Generally, batters make the adjustment after the first at bat. She just needs some success and she will be beating on the ball.

Ken Krause

May 7, 2008
Mundelein, IL
Here's an idea to help her work on it. Get one of those orange markers soccer teams use and place it, say 10 feet in front of her. Then tell her she can't even start to load for the swing until the ball crosses that marker. This will force her to take a fast swing. If it's still too early, move the marker closer to her.

It's all about timing. Hitters that can't hit slow pitchers aren't making adjustments. They're starting their swings to early. Telling them to wait is vague. Giving them a visual is much more effective.

When my team was younger and we saw pitching that was "too slow," I would drag my foot in the dirt to create a line during games. Same principle as the marker. It was somewhat effective.

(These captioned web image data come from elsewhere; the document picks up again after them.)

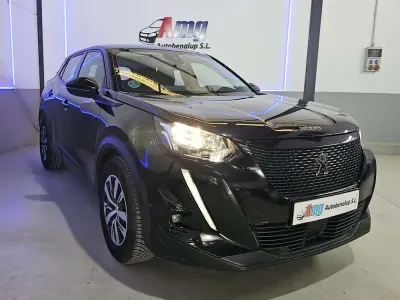 Usado Peugeot 2008 Active 109 CV (80 kW) 2022 Negro SUV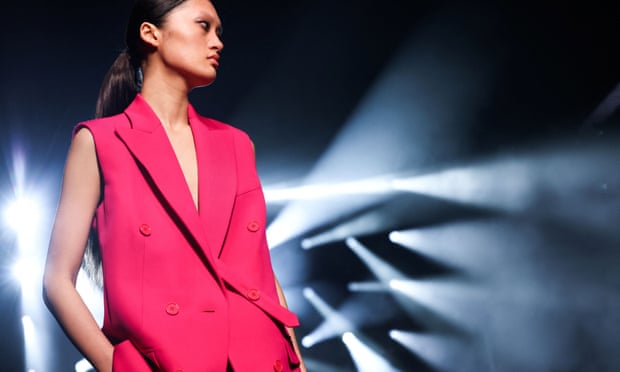 Sloth is rescued from electricity line in Colombia | World News | Sky&nbsp;News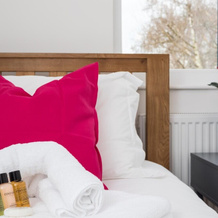 Park View- Close to East Surrey Hospital- Self Contained 2 bed, Salfords — photo 5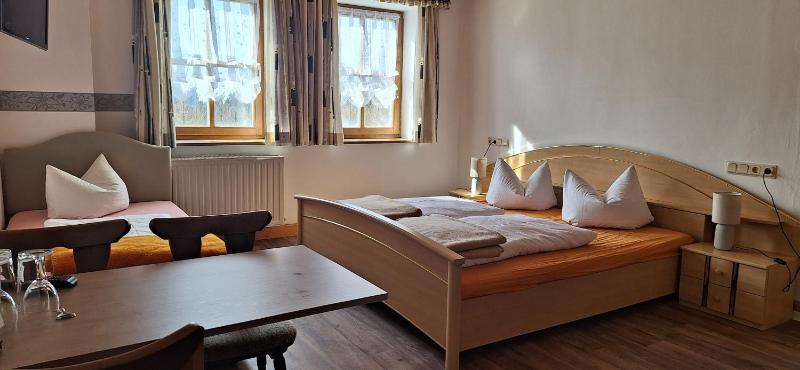 Classic Triple Room image 1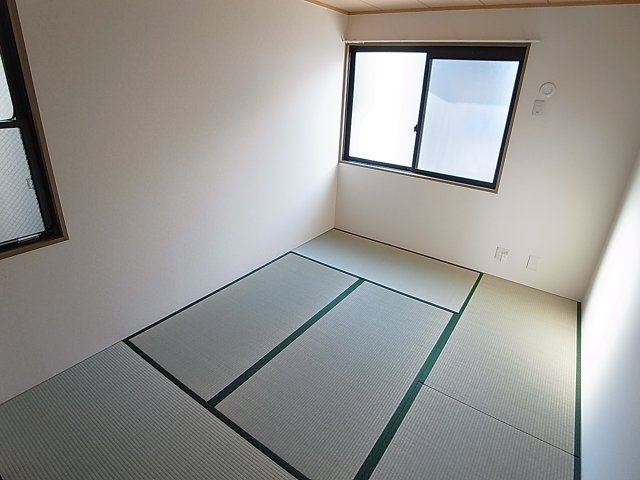 神戸市長田区寺池町２丁目のハイツの設備|2面窓の綺麗な和室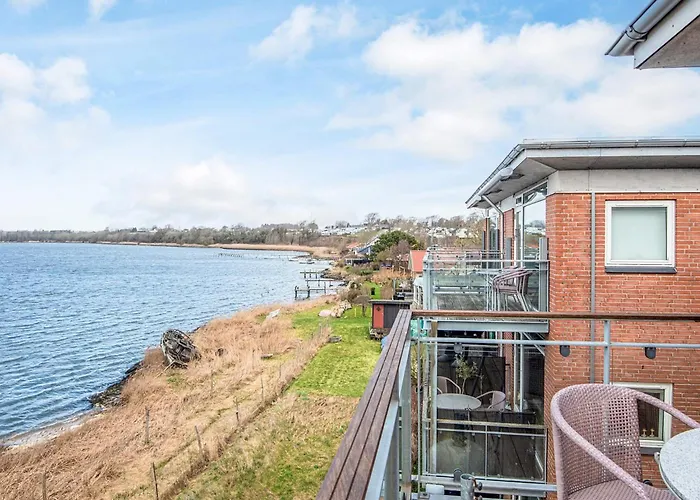 4 Person In Hejls-by Traum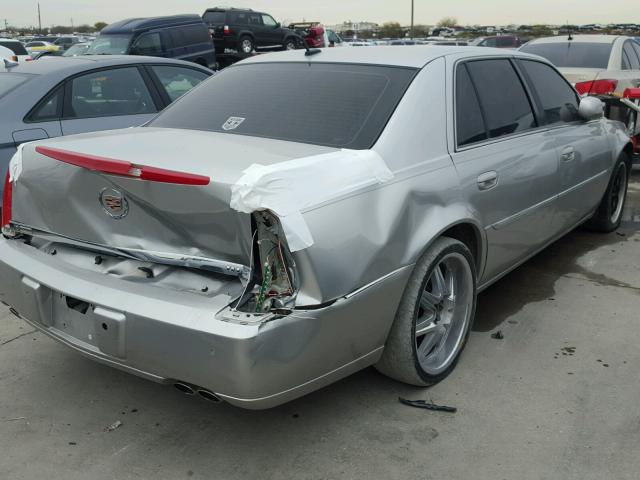 1G6KD57Y66U133646 - 2006 CADILLAC DTS SILVER photo 4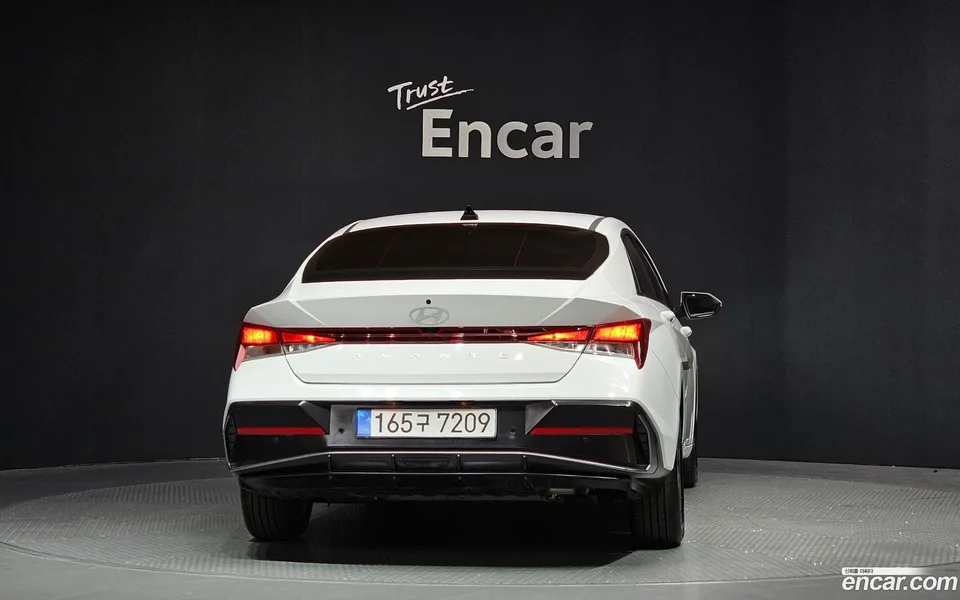 Hyundai Avante CN7 Hybrid 2025 — миниатюра 4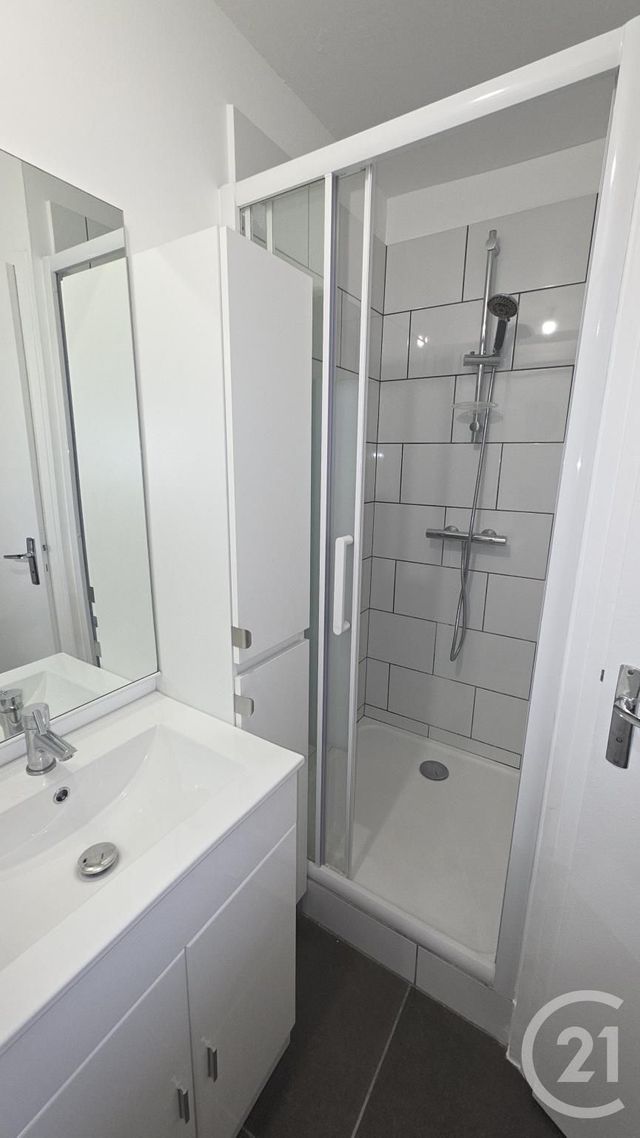 Maison &agrave; louer - 3 pi&egrave;ces - 37,89 m2 - Fecamp - 76 - HAUTE-NORMANDIE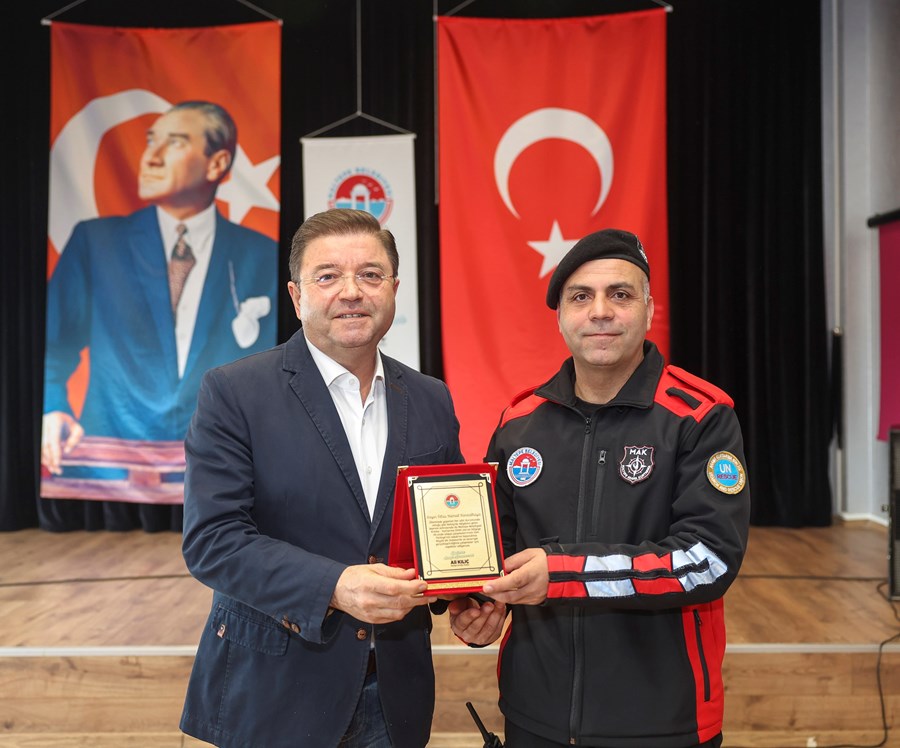 Deprem bölgesine giden “Maltepe’nin kahramanları” evlerine döndü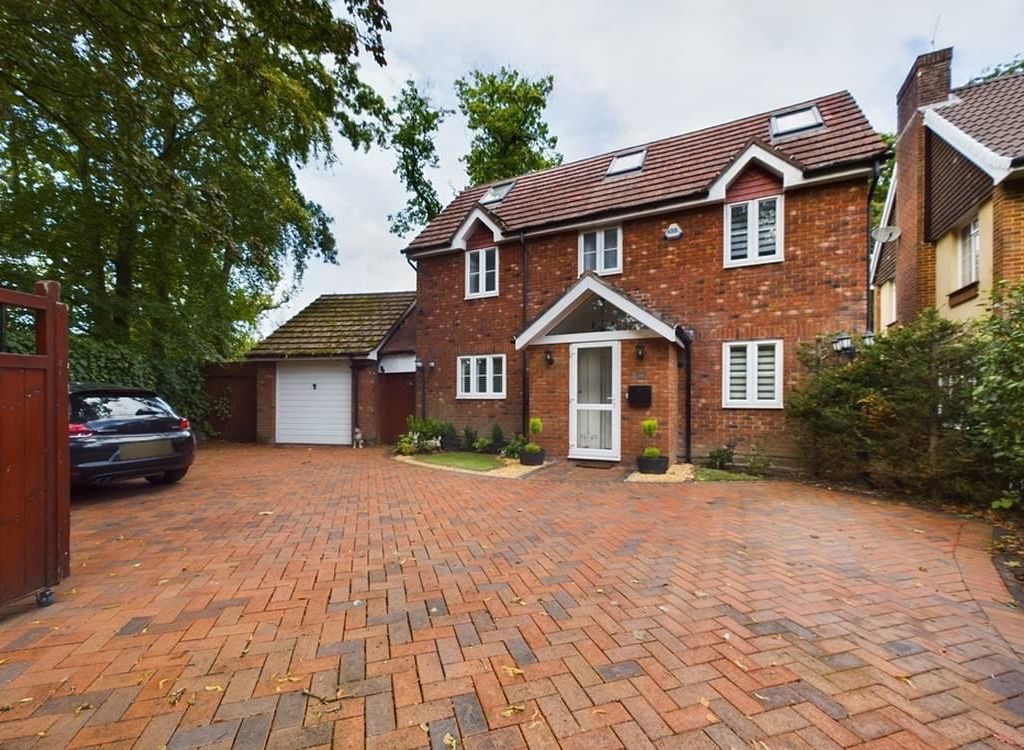 5 bed detached house to rent in West End Road, West End, Southampton SO18, £2,700 pcm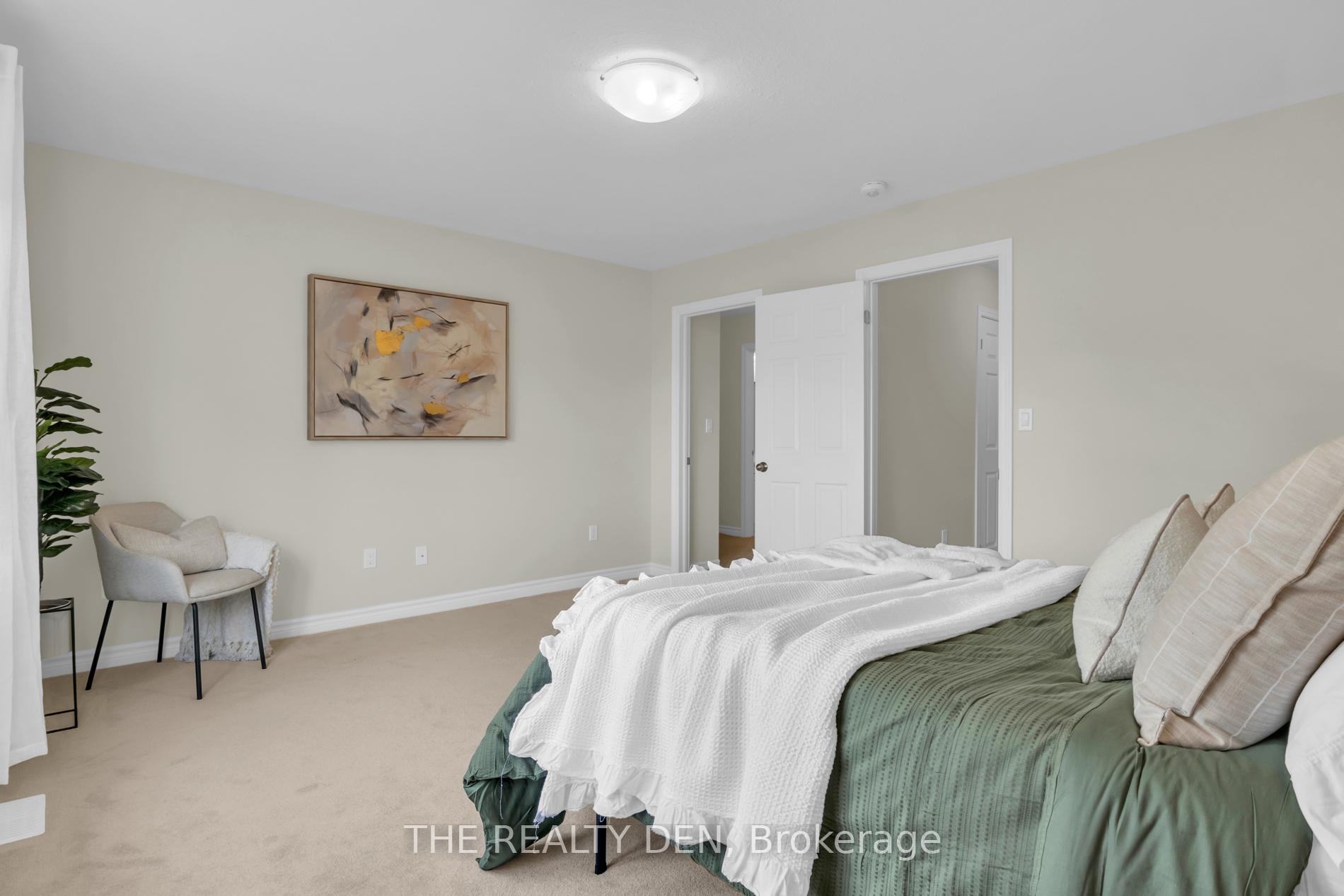 Photo 25 of Unit 17, 9 Braida Lane, Halton Hills, Acton — HOMEH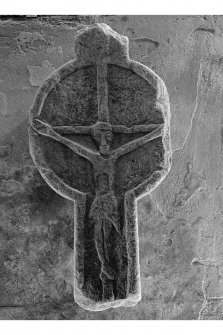 Small cross, Kilchoman Old Parish Church. (26)
View of small cross showing crucifixion.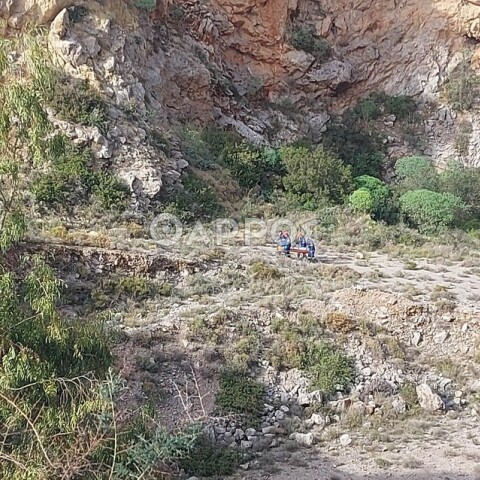 Πυροσβέστες σε νταμάρι στην Καλαμάτα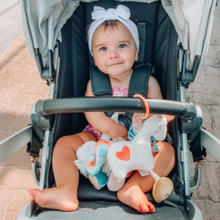 Load image into Gallery viewer, Itzy Friends Link &amp; Love™ Activity Plush with Teether Toy: Unicorn
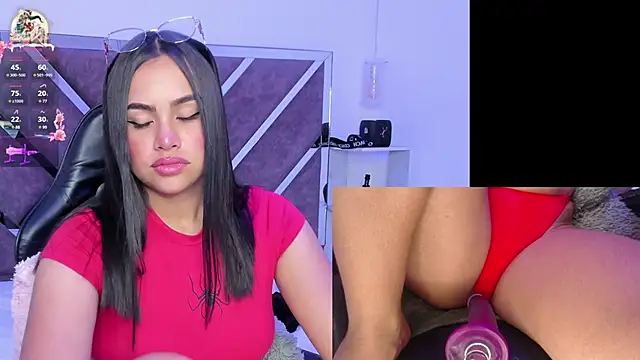 Snapshot of Alice_Roys chatting on 12/30/24, 01:47 Alice Roys online show from 12/30/24, 01:47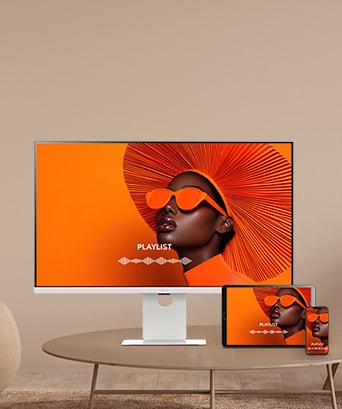 A photo showcasing the mirroring feature of a smart monitor.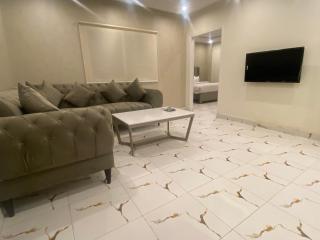 Luxe Suites Bahria Town Lahore - Lahore - 9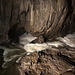 Unterwegs in den Škocjanske jame (Höhlen von Škocjan) - Blick vom höhergelegenen Besichtigungsweg zur Reka, die mit großer Geschwindigkeit durch das Höhlensystem rauscht. 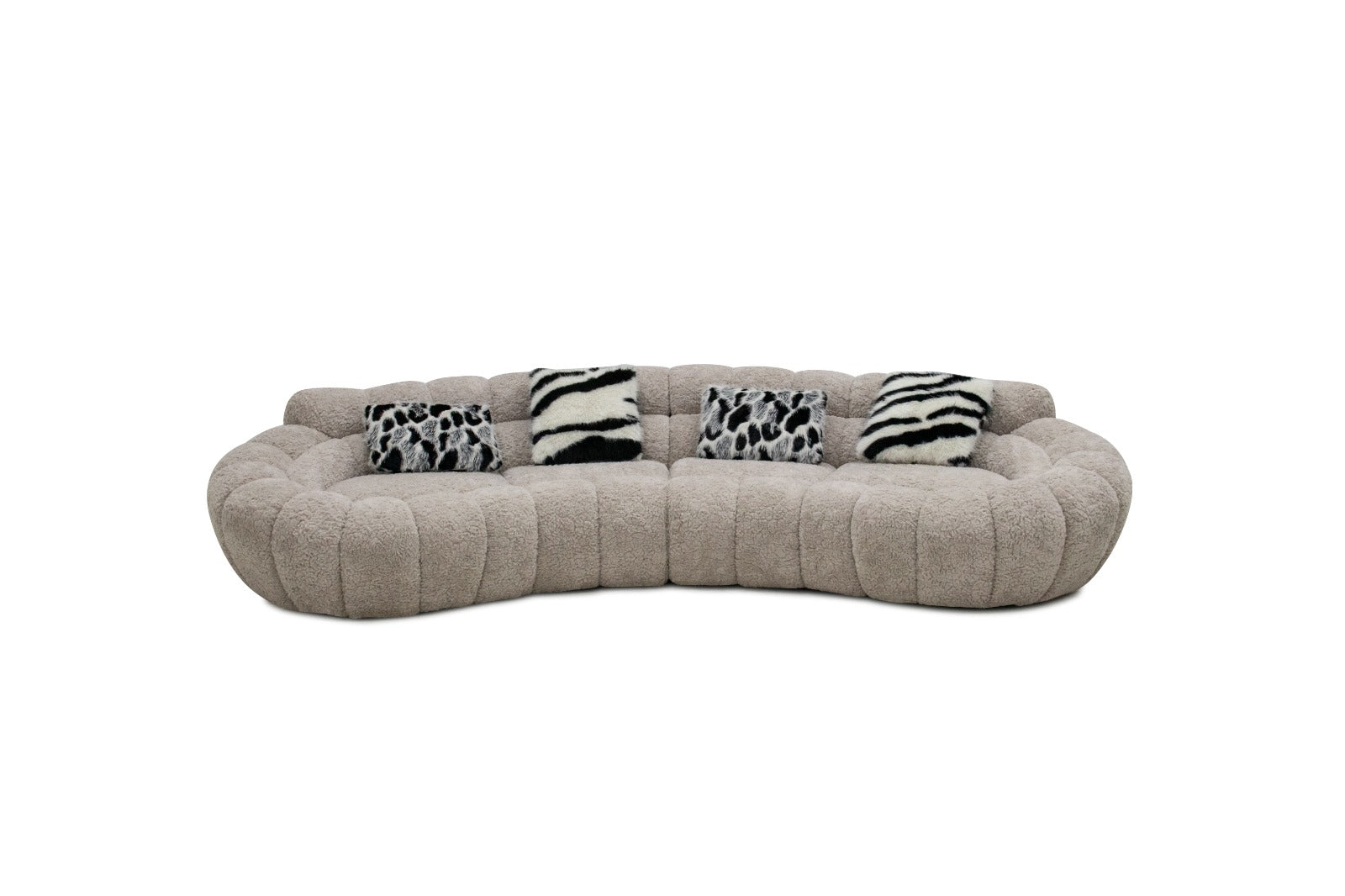 Canapé design organique en tissu bouclé beige avec formes arrondies et assise profonde pour salon moderne.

One other way to demonstrate the "when to start" principle is to use a pitching machine. Set it at a slow speed and normal distance and have the hitter hit. Then have her cut the distance from the machine to the plate in half, and then in half again. The pitch speed hasn't changed, but the reaction time requirements have. It usually gets the point across -- the pitch isn't too slow, your timing is too early.
Jan 13, 2009
One of the techniques I have seen used successfully is to show bunt and then pull back to hit away. It defeats the purpose, however, if they show bunt too early.

When they square, they can see the ball better and then, in effect, create that larger negative movement. They do need good bat speed to pull this off.
Jan 14, 2009
Atlanta, Georgia
My DD is 12 and has the same problem. I'm hoping it's a motor skill issue that will improve as she ages. I just tell her to relax and try and slow down her pre-motion movements.

I just figure that the rotational swing is a complex swing and that timing issues are bound to occur as these kids learn and build a database of information in their heads as to what they need to do to hit different pitches.

I really think there is a good chance that one day she will roll out of bed and all of a sudden have it figured out.
Aug 4, 2008
Very simple change up drill. If you have a short T great if not a plastic milk jug works fine. Place a ball on the milk jug on the outside corner of the plate. Now soft toss to your student. When you load your hand and do not toss the ball they must go down and adjust to the change up and hit the ball off the milk jug. This teaches them the correct heel plant timing so the do not start the heel plant and bring the back elbow into the slot early. When kids are on deck we always have them time the pitcher in what we call the attack mode. So all they are working on is heel plant. Toe touch is not different on a change up or fast ball. You must be in that position when the pitcher is in the K position. One other good drill is the Barry Bond drill. Sorry I would like to change the name! When you are in the hitting cage, make sure you move up as far as you can go and back as far as you can go, so you learn to adjust to pitch speeds. The worst thing you can let a kid do is hit off a pitching machine and don't adjust the speed. Since it is hard to adjust the speed we adjust our location back and forth , in and out so it represent a pitcher hitting her locations.
May 12, 2008
Okay, I used DD in the title although I only think I know what it means..... Darling Daughter? Ed
Sometimes. Sometimes it's darn daughter, diamond diva and the list goes on as appropriate.

You are good at what you practice. Practice hitting slow stuff too. The intent of the practice should be to NOT slow the swing down but rather wait and then smoke it with the quick swing she normally uses. Practicing some on slow stuff is a good plan even if you aren't facing it regularly.
Sep 18, 2008
Hitting slow pitching is no different than hitting changeups. Keep your weight back and take a strong swing like alsways.